Last night’s experiment in using editing to produce a performance on Netflix Disk: this year’s AFTERMATH, which features Arnold Schwarzenegger and somebody named Scoot McNairy.
What a career coup for McNairy, eh? Alas, no. Co-starring with Schwarzenegger no longer means what it once did. This film is direct-to-video, arriving without fanfare on the shelves of places like Target and Wal-Mart. And though it tries very very hard to be special, it misses the target.
Another well-meaning attempt, inferior to the 2014 art-zombie movie MAGGIE, to document that now that Schwarzenegger can no longer be a believable unstoppable action hero on screen, he can transition to character roles of nuance and depth, the movie is the story of two men beset by unimaginable grief. Arnold is a building contractor who early on heads off to the local airport to pick up his wife and imminently pregnant daughter; Scoot is the air-traffic controller who, left in the tower to handle a snarl by himself when the only other man on duty goes off to the vending machines, makes a critical error and allows two passenger planes, include the one carrying the family of Schwarzenegger’s character, to collide in mid-air.

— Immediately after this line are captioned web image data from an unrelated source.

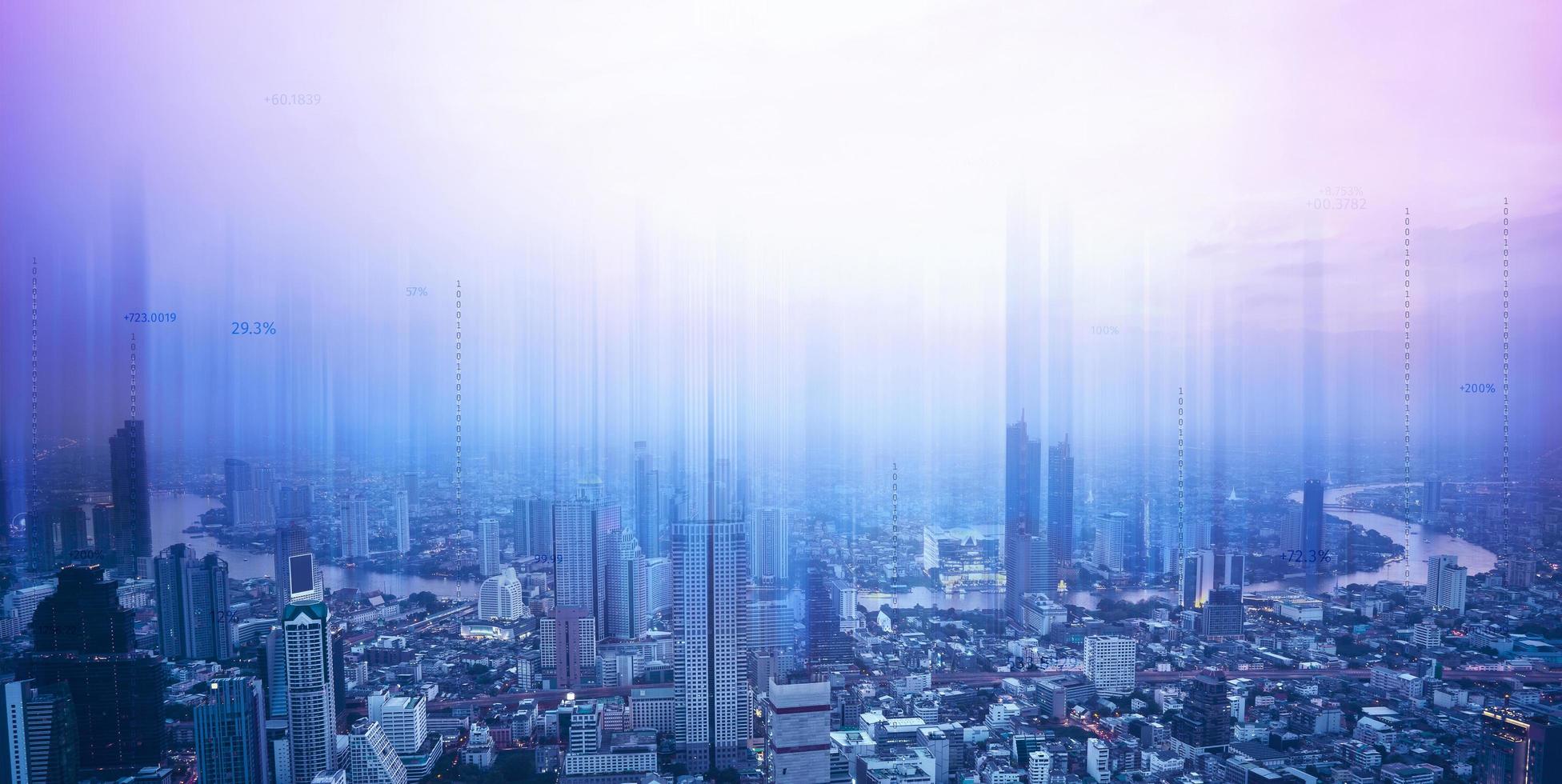 Bangkok city from top view see financial district area background photo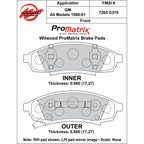 Wilwood 150-D0376K PM ProMatrix D376 Street Performance Racing Brake Pads .68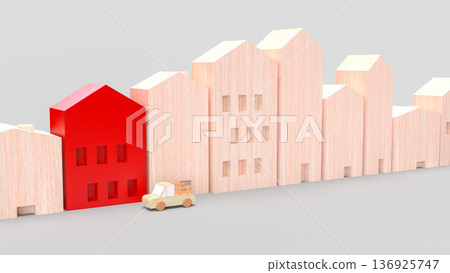 Red House Among Wooden Homes Real Estate Concept 3d render. Red House Among Wooden Homes Real Estate Concept 3d render. 136925747
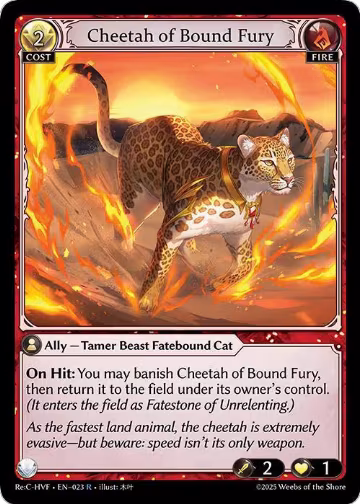 Cheetah of Bound Fury (023), Guo Jia Re: Collection, Heaven’s Favored — Grand Archive card price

At this point, and for some time afterward, you might be fooled into thinking you’re watching some kind of great film. Those last couple of minutes in the tower are a small masterpiece of escalating complication, a slow-motion catastrophe you can see coming but will be unable to stop. And the horror that follows is well-acted by both Arnold and Scoot. Both men are naturally destroyed emotionally by what’s happened, and the film is clearly an exercise on dramatizing the path toward their tragic eventual meeting, but the problem is that it’s all one-note, dramatized by lots and lots of tortured stares, slow-motion walking, and soulful music. It’s a significant relief when we get a title card saying, “One Year Later,” but though both characters have moved on to some degree, it is STILL dramatized the same way, with lots and lots of empty pauses and heartfelt staring.
The problem is no better with Scoot than it is with Arnold, but because Arnold’s the one-time superstar here, let us focus on him. Again, this movie is in large part an exercise in demonstrating that Arnold can be a terrific character actor, something that – surprise, surprise – I honestly don’t doubt. I take the early gratuitous lingering shot of his now somewhat flabbier ass, as he takes a shower, to be a brave statement of intent, on the part of The Terminator and those filming him, that you need to put away any expectations you have from the Arnold of old. And yes, he does manage to convey the eagerness to see his family, the growing realization that he never will, the shell-shocked trauma of a life suddenly rendered empty. What lines he has, along the way, are well-delivered, and he gets one absolutely great scene, showing rage at airline lawyers who offer a cash settlement but won’t do the one thing he requests, tell him they’re sorry for his loss. But for a long long time, his character has no arc beyond that sadness, that emptiness, not even much else in the way of spoken dialogue. It’s all great hung heads and soulful staring at family pictures and slow-motion walking and soundtrack dirges, the movie using these brute-force methods to force that one note.
Let me put it this way. When Schwarzenegger is allowed to act here, he is able to convey the emotions asked of him. But the movie uses him as a prop that can be shot from certain angles, to create that emotion without him doing much of a damn thing. Try an experiment. Take a picture of yourself, looking down at a table. Darken the room and make sure a third of your face is in shadow. Now take footage of yourself in that position. Hold that shot for several seconds. You sure as hell look like you’re going through some heavy shit. Now, add a shot of yourself walking to the mailbox, in slow motion, your face just as blank. Connect the two scenes with soulful music. Wow, you not only look like you’re going through some heavy shit, but that it’s lingering. Now put several of these scenes together in a manner that conveys the passage of an extended period of time: wow, that pain won’t go away. Do this sparingly and you can create the impression of great acting. (As happened in MAGGIE, which used many of the same techniques, and where Arnold was terrific.) But too much of it becomes distancing, and you start to wonder whether the Governator was given any direction, for long swaths of this film, beyond “Hang your head! No, lower! Okay, just hold that position! STAY THERE! Don’t bother acting!”
It’s unworthy of the subject matter and it is, in fact, unworthy of Schwarzenegger, who has never fooled anybody into thinking he’s a great thespian but who has always, always, been able to convey, at bare minimum, when his characters were in pain.
It’s hard to tell whether the moviemakers thought they were covering for an actor of limited skills, or whether they thought that this needed to be a movie of long pauses and great silences and overdid it, but either way, when his character and Scoot’s finally wind up in the same room, with tragic consequences, this audience member’s reaction was outright relief. Which is not the way I should have been feeling. Honestly.